C’est avec ma double nationalité et donc avec un double regard que j’ai lu l’article d’André Dubuc dans le Journal les Affaires faisant état « d’une vague de dirigeants français »
qui commencent à déferler sur le Québec. Cette prétendue vague commencerait à faire naitre des inquiétudes au sein du « Québec inc ».
Quelle en est la raison ? Faut-il vraiment s’en inquiéter ?
La réponse formulée par Philippe Bourbonnais, associé principal chez Korn Ferry, chasseur de têtes à Montréal, donne une explication rationnelle au phénomène : » Ce n’est pas un signe qu’il n’y a pas de talent au Québec, soutient-il. Il y a des hauts dirigeants de très grand talent au Québec, mais ils ne sont pas à la recherche d’un emploi. D’où la nécessité d’ouvrir les frontières« .
Et ce phénomène n’est certainement pas propre au Québec. La mondialisation conduit les entreprises à se doter de dirigeants qui possèdent une expérience et une maitrise du management dans un contexte international et multiculturel. C’est le prix de la réussite mais aussi une formidable occasion de s’ouvrir à de nouvelles façons de faire, de nouvelles pratiques d’affaires et donc un enrichissement pour les entreprises. Voir l’opportunité avant le risque relève d’une vision stratégique essentielle dans un monde économique soumis à de fortes turbulences et celles qui font ce choix ont certainement de bonnes raisons.

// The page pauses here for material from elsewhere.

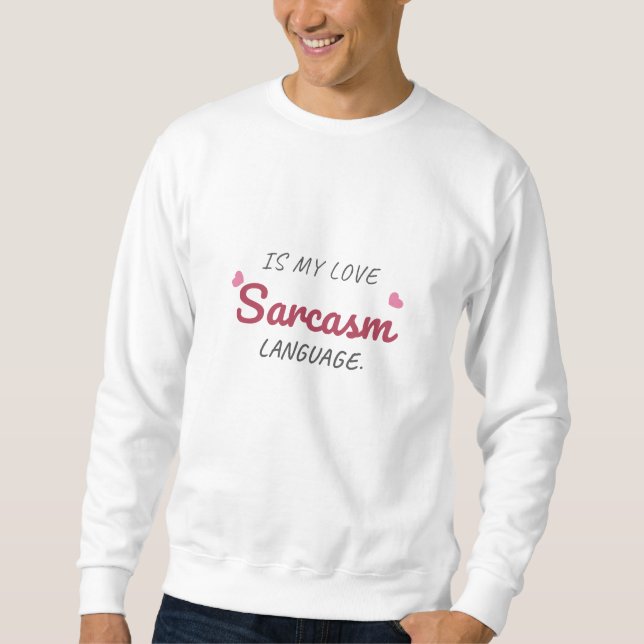 Sarcasm Is My Love Language – Funny Relationship Sweatshirt (Front)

Il faut aussi comprendre que le nombre de ces nouveaux venus reste raisonnable et répond finalement strictement aux besoins des entreprises québécoises. Je me souviens d’un temps pas si lointain où les cadres français, à l’ouverture de l’espace Schengen en Europe, craignaient l’afflux de cadres néerlandais au motif que ceux-ci étaient polyglottes (ce qui n’a jamais vraiment été la force première des dirigeants français). Quelque 15 ans plus tard, on n’en parle plus et la supposée vague n’a jamais eu lieu…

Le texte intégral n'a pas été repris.